Notification & Consent Laws Reduce Teen Risks

A Florida State University news article 'Abortion notification, consent laws reduce risky teen sex' referenced a study whose results lend support to those advocating the passage of parental consent laws as a means of reducing risky sexual behavior. From the cited article:

"Jonathan Klick, the Jeffrey A. Stoops Professor of Law, and Thomas Stratmann, professor of economics at George Mason University, came to that conclusion after they looked at the rates of gonorrhea among teenage girls as a measure of risky sex in connection to the parental notification or consent laws that were in effect at the time.

The researchers found that teen gonorrhea rates dropped by an average of 20 percent for Hispanic girls and 12 percent for white girls in states where parental notification laws were in effect. The results were not statistically significant for black girls. The study will be published in an upcoming edition of The Journal of Law Economics and Organization.

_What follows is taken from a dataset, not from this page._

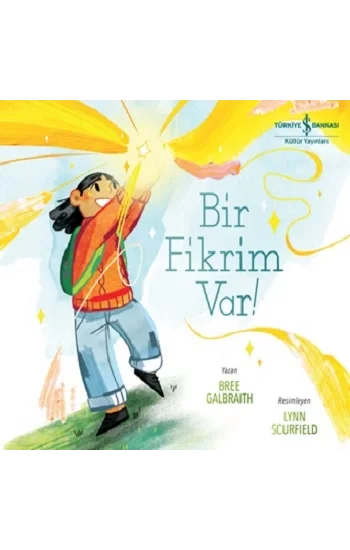 Bir Fikrim Var !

"Incentives matter," Klick said. "They matter even in activities as primal as sex, and they matter even among teenagers, who are conventionally thought to be short-sighted. If the expected costs of risky sex are raised, teens will substitute less risky activities such as protected sex or abstinence."

In this case, the incentive for teens is to avoid having to tell their parents about a pregnancy by substituting less risky sex activities. In doing so, the researchers say, the rates of gonorrhea among girls under the age of 20 went down."